(Captioned web image data)
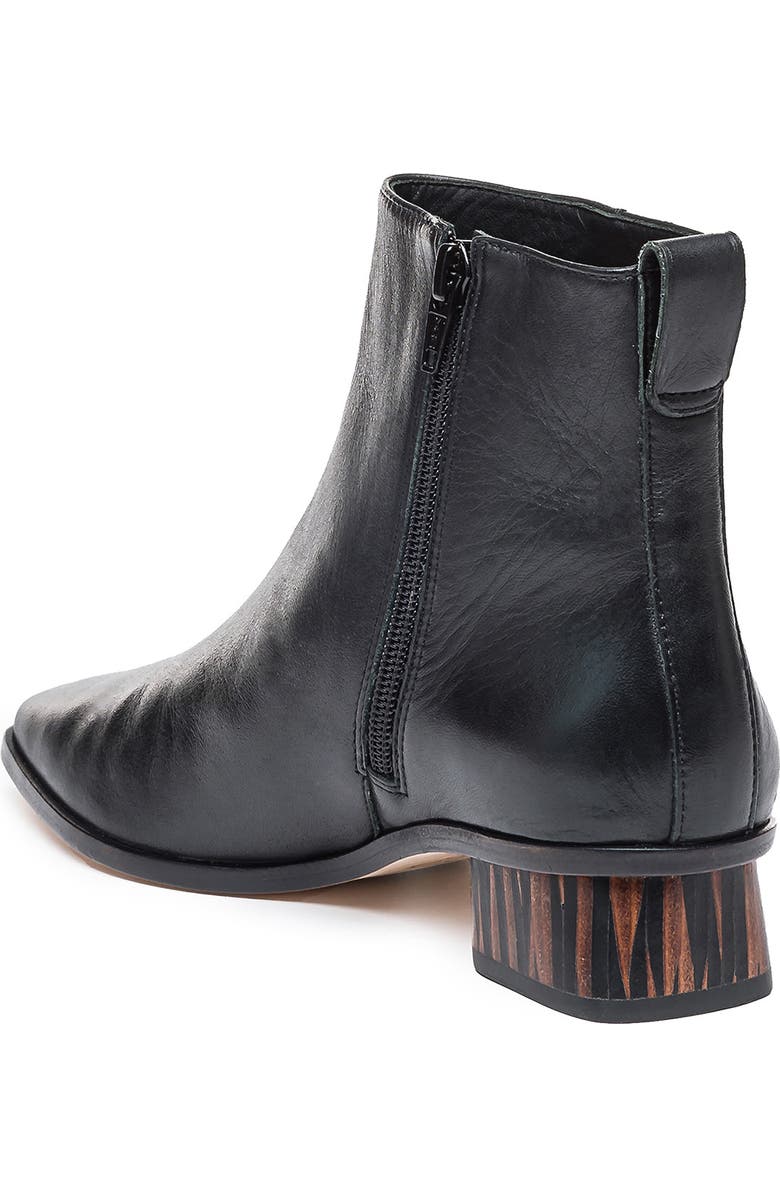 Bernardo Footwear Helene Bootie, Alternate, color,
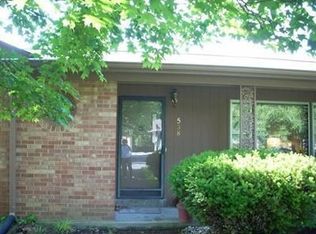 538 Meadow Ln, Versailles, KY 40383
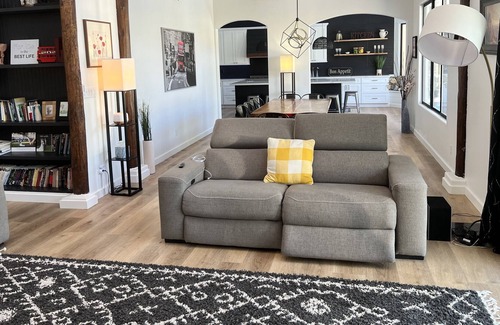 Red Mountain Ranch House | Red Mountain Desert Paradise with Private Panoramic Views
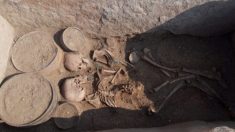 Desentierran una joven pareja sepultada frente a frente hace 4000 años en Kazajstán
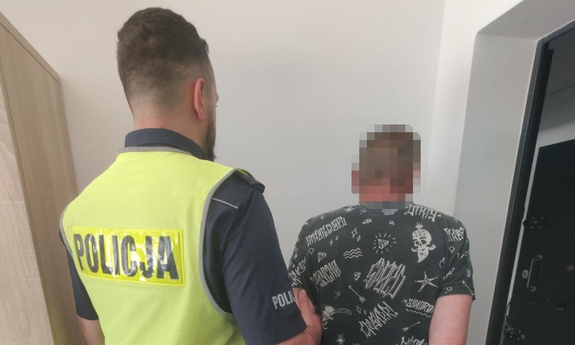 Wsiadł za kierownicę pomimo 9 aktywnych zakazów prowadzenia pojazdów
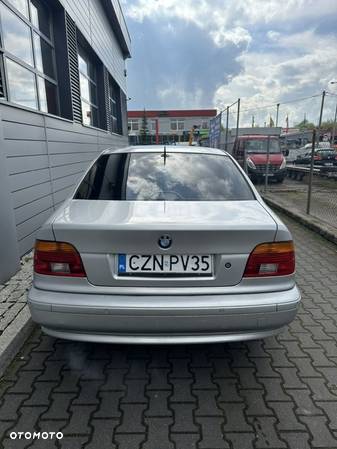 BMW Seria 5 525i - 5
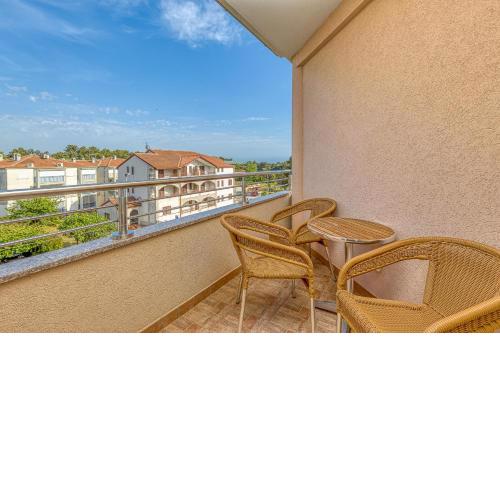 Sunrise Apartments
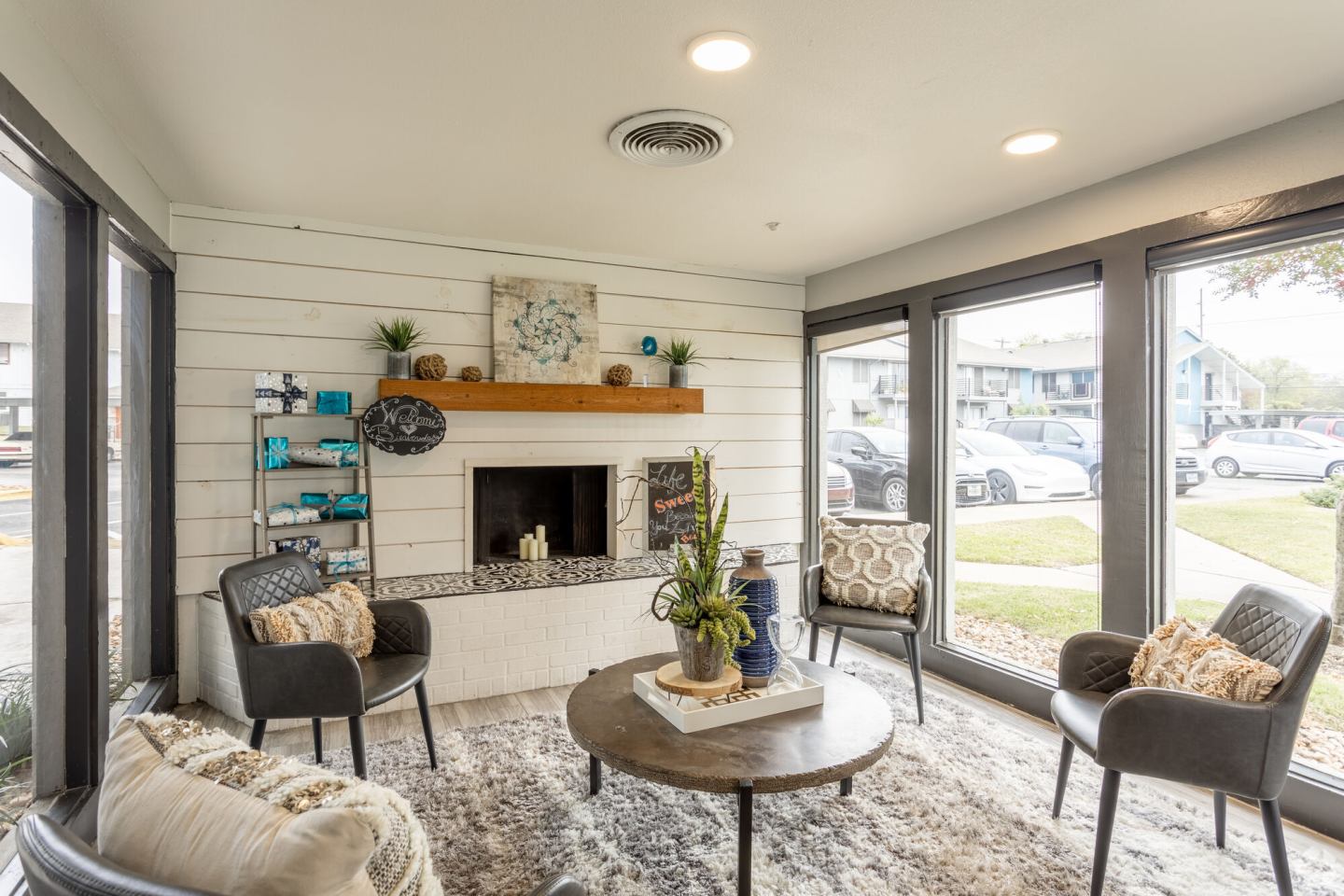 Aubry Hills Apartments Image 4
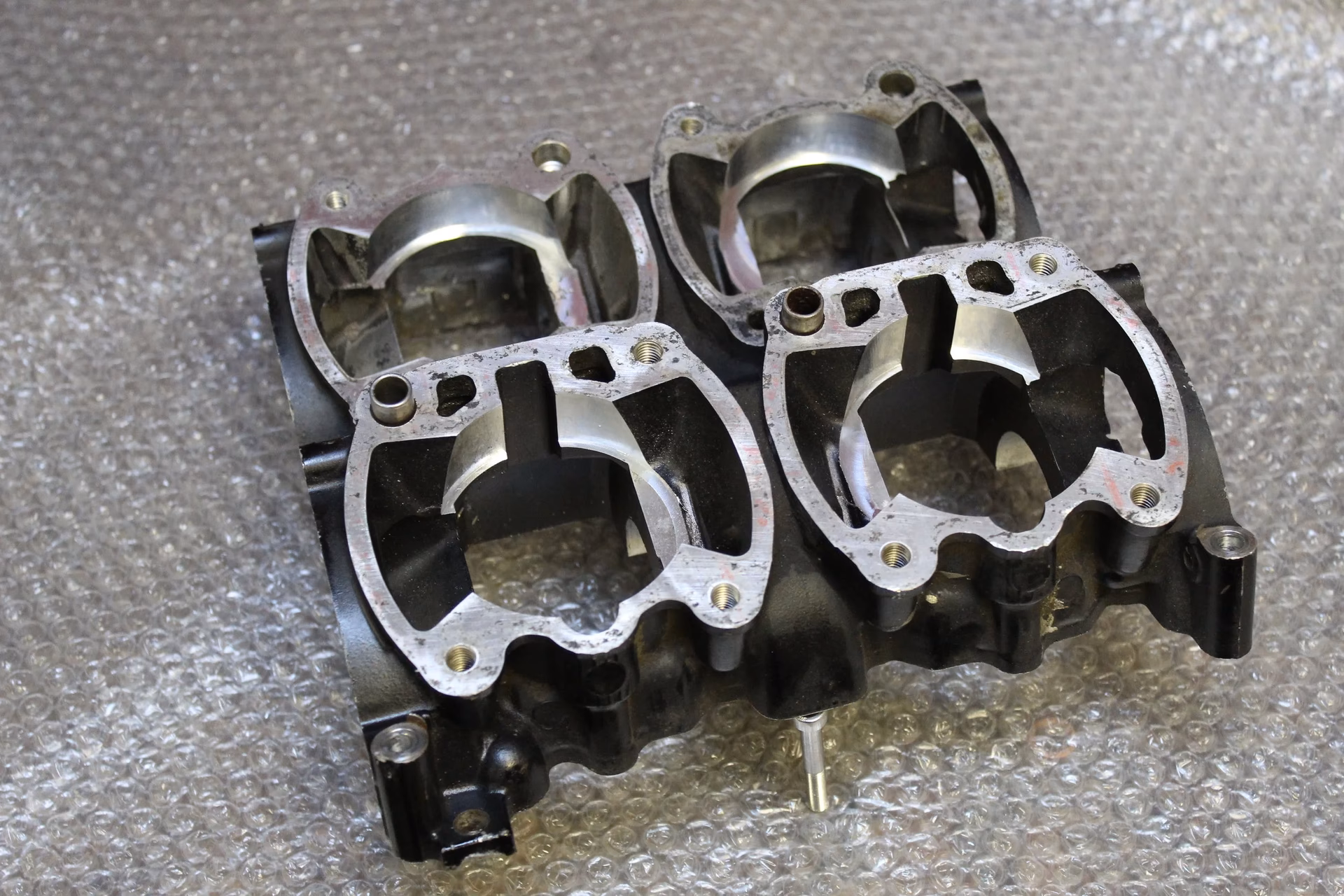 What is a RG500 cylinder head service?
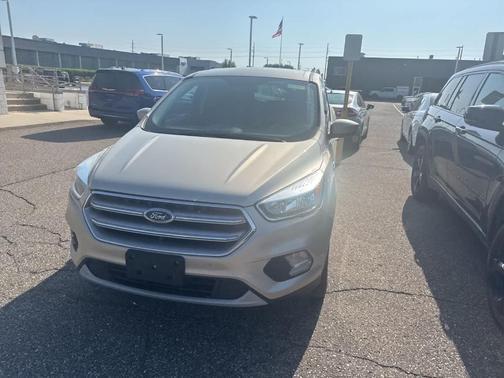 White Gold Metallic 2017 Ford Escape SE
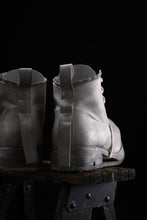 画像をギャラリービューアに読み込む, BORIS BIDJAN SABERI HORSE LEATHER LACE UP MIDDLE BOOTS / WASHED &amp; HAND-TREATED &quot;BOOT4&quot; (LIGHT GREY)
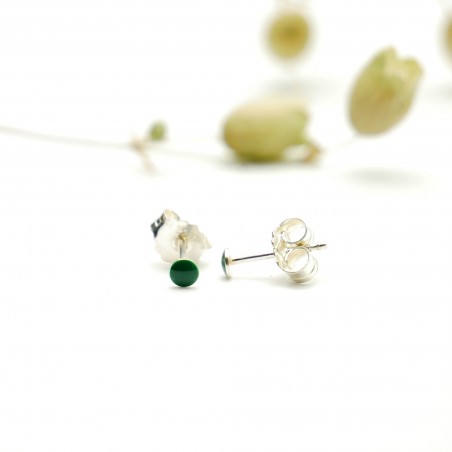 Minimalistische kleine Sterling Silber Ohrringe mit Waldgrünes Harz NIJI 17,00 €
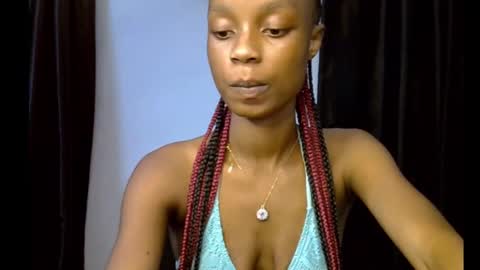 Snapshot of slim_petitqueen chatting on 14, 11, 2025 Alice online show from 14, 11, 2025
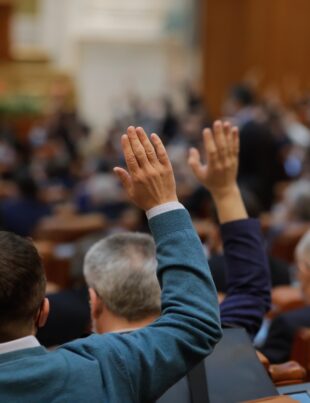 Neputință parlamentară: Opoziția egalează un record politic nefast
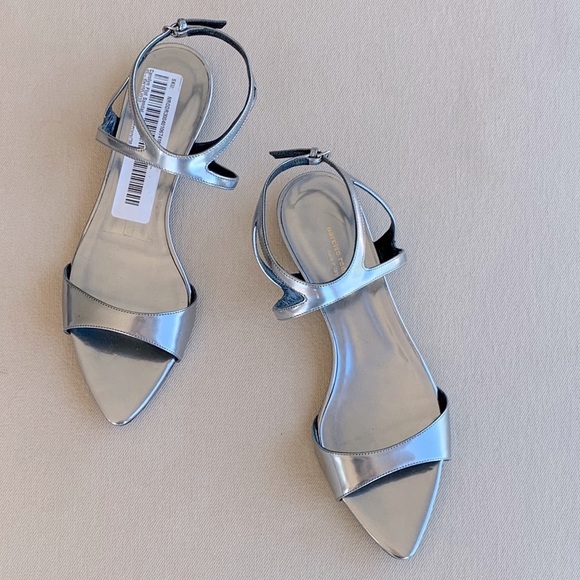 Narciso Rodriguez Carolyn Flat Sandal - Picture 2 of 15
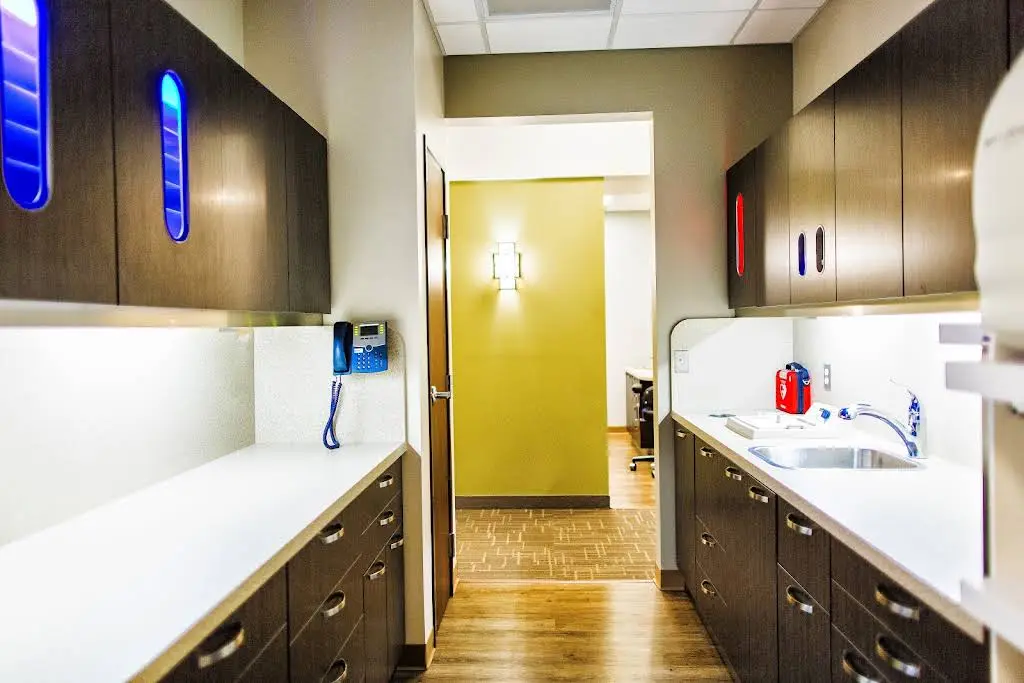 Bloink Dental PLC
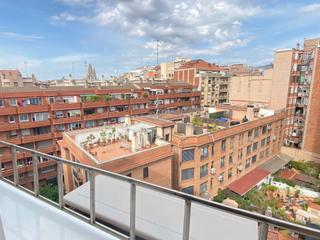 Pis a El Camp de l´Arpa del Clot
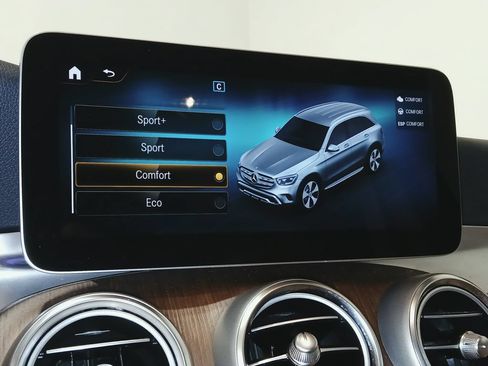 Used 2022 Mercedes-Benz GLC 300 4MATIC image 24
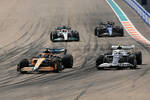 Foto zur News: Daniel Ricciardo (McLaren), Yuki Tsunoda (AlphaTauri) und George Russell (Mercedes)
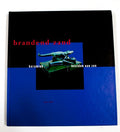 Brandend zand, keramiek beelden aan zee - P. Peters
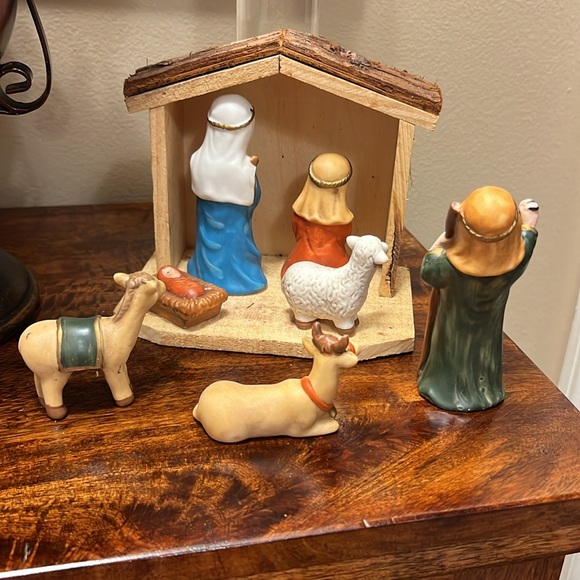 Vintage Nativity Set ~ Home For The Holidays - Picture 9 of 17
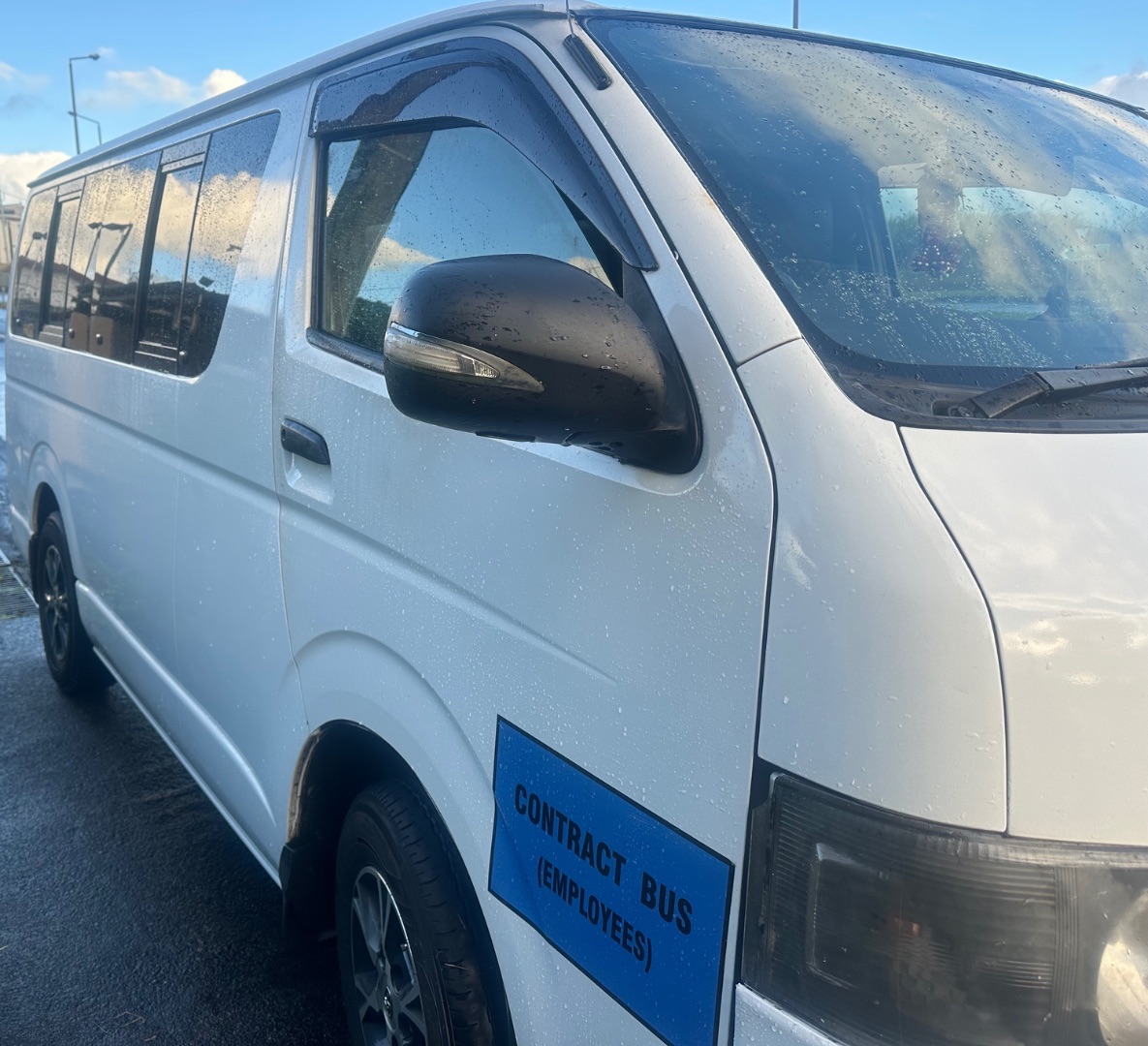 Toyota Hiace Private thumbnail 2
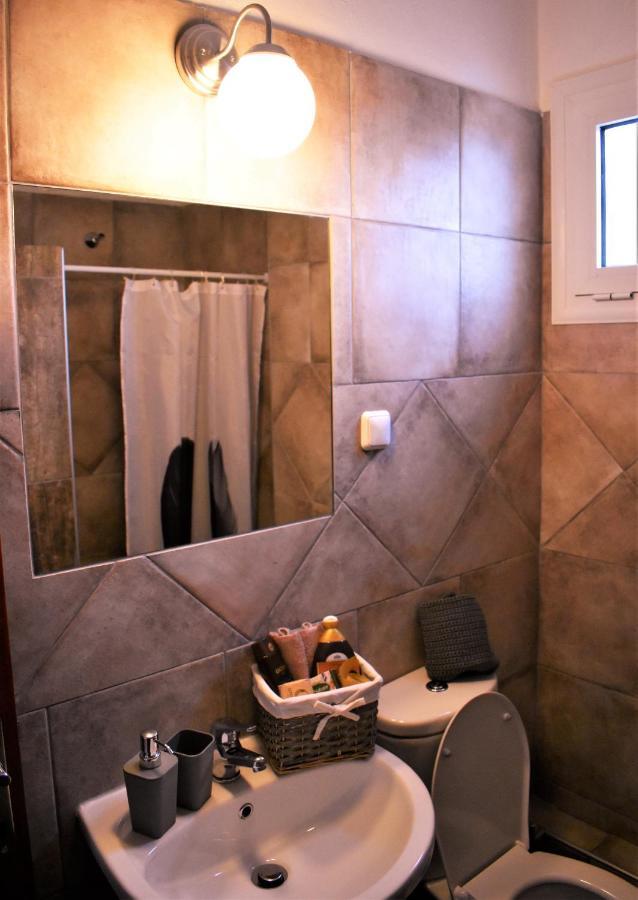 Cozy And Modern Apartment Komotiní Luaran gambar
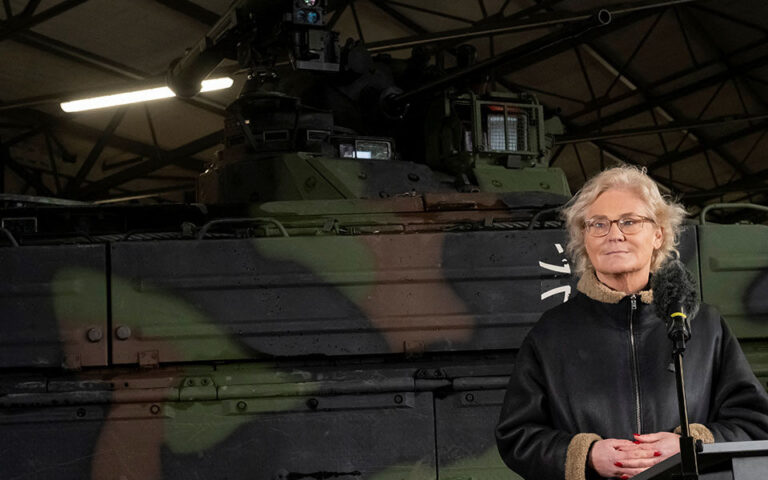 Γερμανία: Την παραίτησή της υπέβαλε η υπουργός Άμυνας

▸ What you will do
Please output all of the entries exactly as they appear, with no pictures.

▸ Answer space
 Bernardo Footwear Helene Bootie, Alternate, color,
 538 Meadow Ln, Versailles, KY 40383
 Red Mountain Ranch House | Red Mountain Desert Paradise with Private Panoramic Views
 Desentierran una joven pareja sepultada frente a frente hace 4000 años en Kazajstán
 Wsiadł za kierownicę pomimo 9 aktywnych zakazów prowadzenia pojazdów
 BMW Seria 5 525i - 5
 Sunrise Apartments
 Aubry Hills Apartments Image 4
 What is a RG500 cylinder head service?
 White Gold Metallic 2017 Ford Escape SE
 画像をギャラリービューアに読み込む, BORIS BIDJAN SABERI HORSE LEATHER LACE UP MIDDLE BOOTS / WASHED &amp; HAND-TREATED &quot;BOOT4&quot; (LIGHT GREY)
 Minimalistische kleine Sterling Silber Ohrringe mit Waldgrünes Harz NIJI 17,00 €
 Snapshot of slim_petitqueen chatting on 14, 11, 2025 Alice online show from 14, 11, 2025
 Neputință parlamentară: Opoziția egalează un record politic nefast
 Narciso Rodriguez Carolyn Flat Sandal - Picture 2 of 15
 Bloink Dental PLC
 Pis a El Camp de l´Arpa del Clot
 Used 2022 Mercedes-Benz GLC 300 4MATIC image 24
 Foto zur News: Daniel Ricciardo (McLaren), Yuki Tsunoda (AlphaTauri) und George Russell (Mercedes)
 Brandend zand, keramiek beelden aan zee - P. Peters
 Vintage Nativity Set ~ Home For The Holidays - Picture 9 of 17
 Toyota Hiace Private thumbnail 2
 Cozy And Modern Apartment Komotiní Luaran gambar
 Γερμανία: Την παραίτησή της υπέβαλε η υπουργός Άμυνας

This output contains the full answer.